Förderungen
(1) Förderungen im Sinne dieses Gesetzes sind:
1. Mitgliedsbeiträge, das sind Geldzuwendungen aus öffentlichen Mitteln zum Erwerb oder zur Aufrechterhaltung einer Mitgliedschaft ohne unmittelbare angemessene geldwerte Gegenleistung;
2. Spenden, das sind freigebige Geldzuwendungen aus öffentlichen Mitteln zu den in § 4a Abs. 2 Einkommensteuergesetz 1988 festgelegten begünstigten Zwecken ohne unmittelbare angemessene geldwerte Gegenleistung;
3. Jubiläumsgelder, das sind freigebige Geldzuwendungen aus öffentlichen Mitteln anlässlich eines Jubiläums ohne unmittelbare angemessene geldwerte Gegenleistung;
4. Direkte Förderungen, das sind Geldzuwendungen aus öffentlichen Mitteln an natürliche und nicht natürliche Personen, die für eine erbrachte oder beabsichtigte Leistung, an der ein öffentliches Interesse besteht, gewährt werden, ohne unmittelbare angemessene geldwerte Gegenleistung;
5. Zuwendungen mit Sozial -oder Familienleistungscharakter, das sind Geldzuwendungen aus öffentlichen Mitteln an natürliche Personen, um Lasten zu decken, die durch bestimmte Risiken oder Bedürfnisse entstehen, ohne unmittelbare angemessene geldwerte Gegenleistung;
6. Entschädigungen, das sind Geldzuwendungen aus öffentlichen Mitteln, die an natürliche oder nicht natürliche Personen aufgrund erlittenen Schadens oder erlittenen Unrechts geleistet werden, ohne unmittelbare angemessene geldwerte Gegenleistung. Nicht davon umfasst sind Geldleistungen, die aufgrund des Amtshaftungsgesetzes geleistet werden;
7. Zahlungen an Intermediäre, das sind Geldzuwendungen aus öffentlichen Mitteln an natürliche und nicht natürliche Personen, sofern diese die erhaltenen Mittel in Form von Sachleistungen an Dritte weitergeben und die dahinterstehenden Begünstigten entweder identifizierbar sind oder der den einzelnen Begünstigten zukommende Vorteil bezifferbar ist.
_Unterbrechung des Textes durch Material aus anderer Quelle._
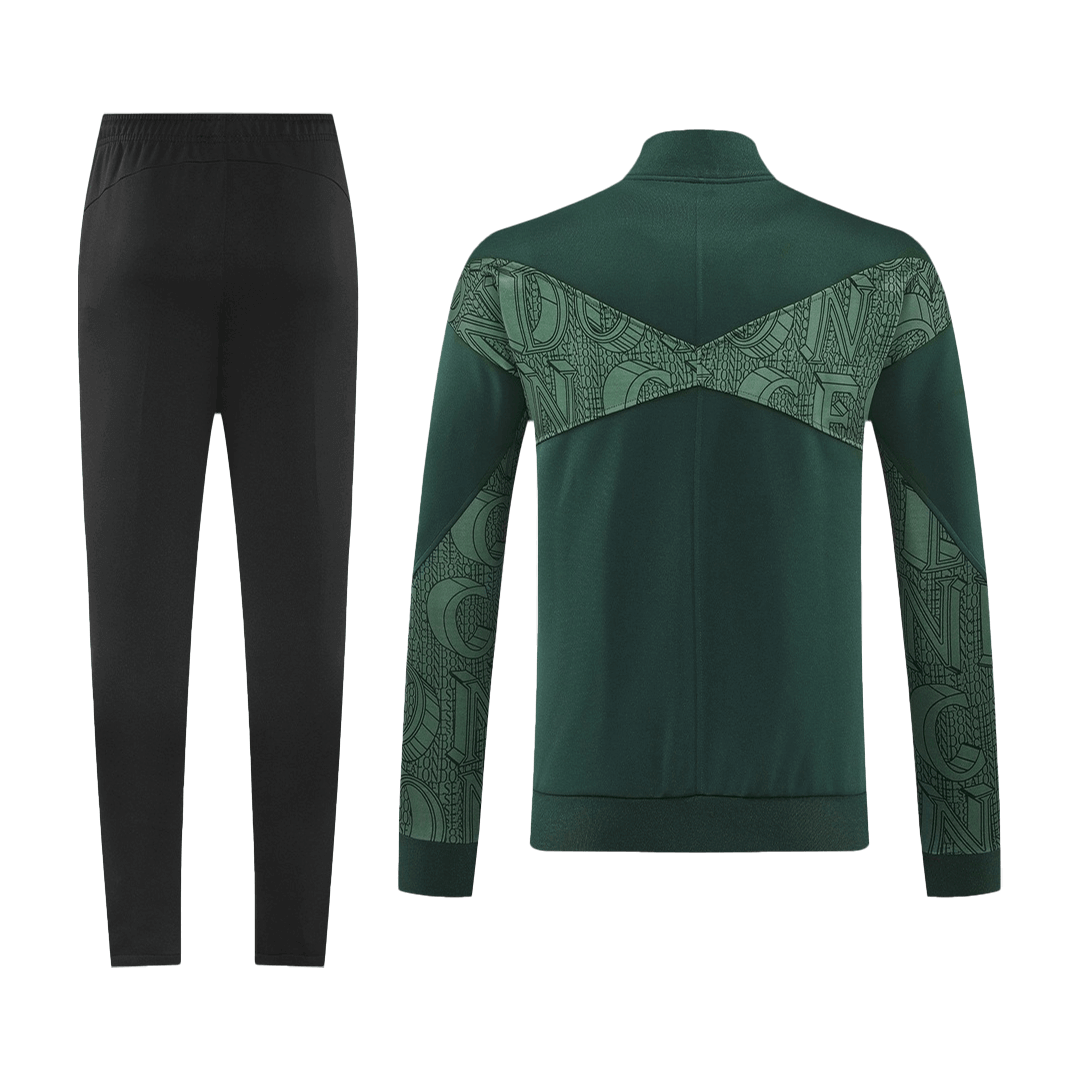 Conjunto de Chaqueta de Entrenamiento Chelsea 2025/26 - imagen 18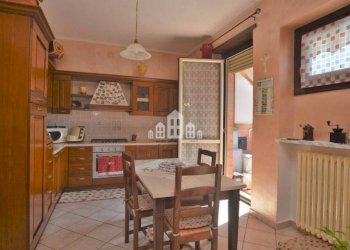 Cucina - Apartment via Aurora, 16, Favria - photo 4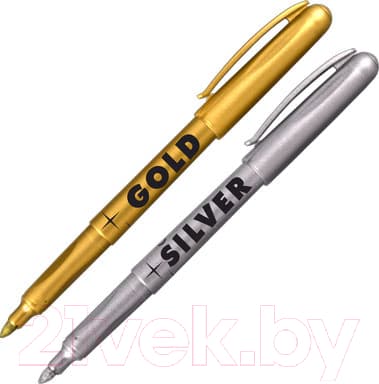 Набор маркеров Centropen 2690 / 6 2690 0201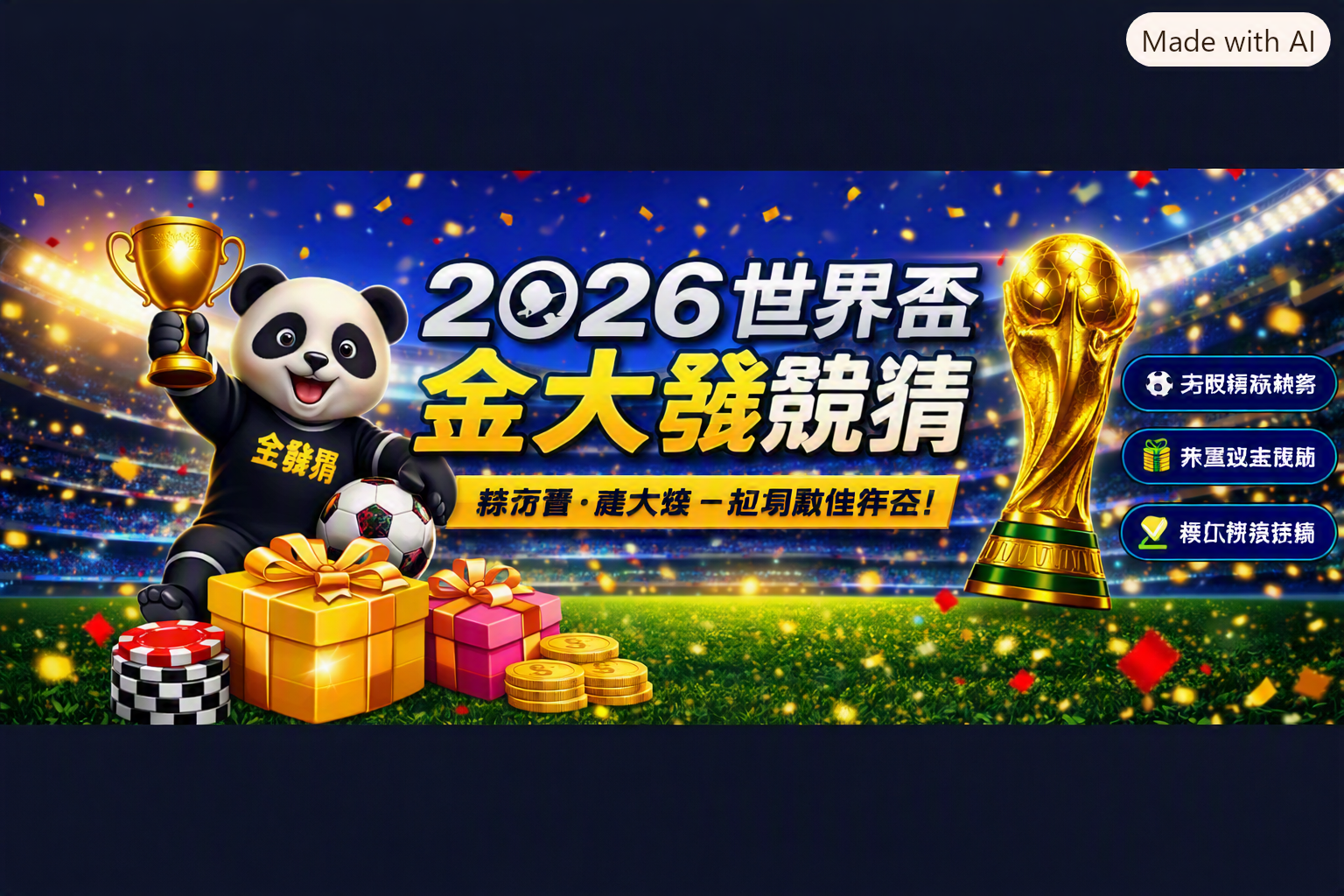 財神娛樂城世界盃足球asgame.com.tw體育競猜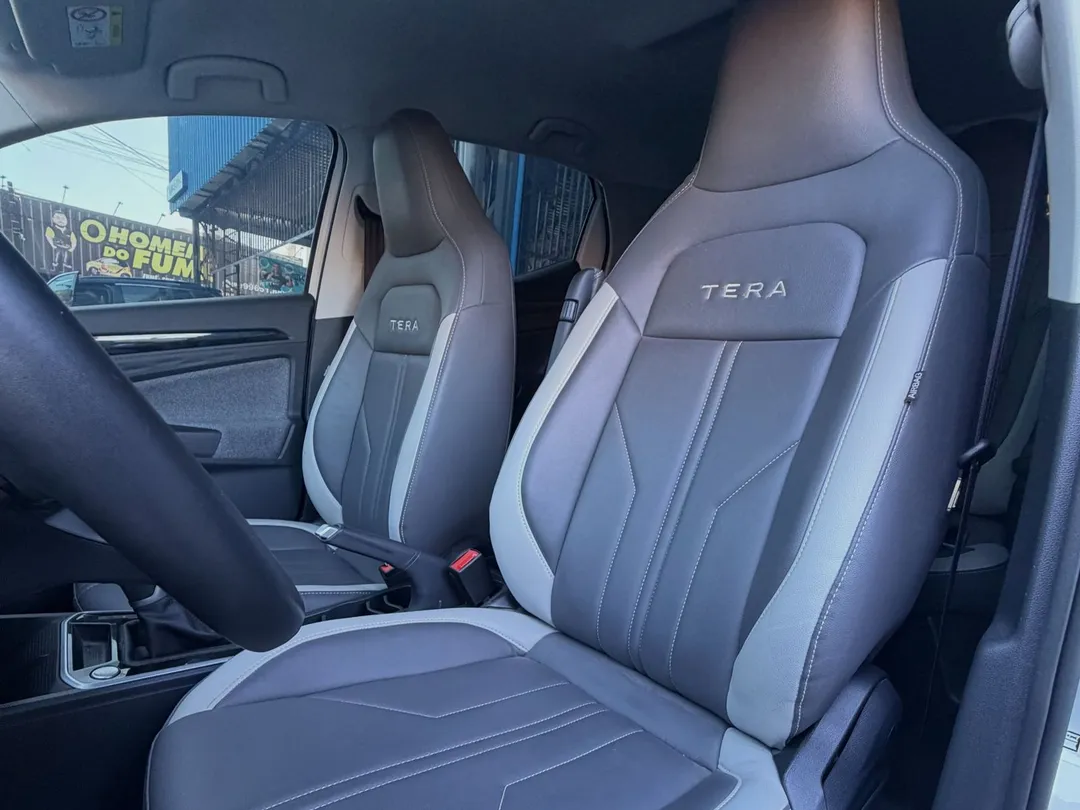 Volkswagen Tera 2026, foto 4 de 8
(2) Die Zuordnung einer Förderung zu einer der in Abs. 1 genannten Förderungsarten hat in der Reihenfolge der Aufzählung in Abs. 1 zu erfolgen.
(3) Als öffentliche Mittel gelten Mittel im Sinne des § 3 TDBG 2012.
(4) Vom Vorliegen einer angemessenen geldwerten Gegenleistung ist auszugehen, wenn die Zahlung auf der Grundlage eines fremdüblichen Austauschverhältnisses, wie etwa bei einem Werk-, Dienst-, Kauf- oder Tauschvertrag, erfolgt.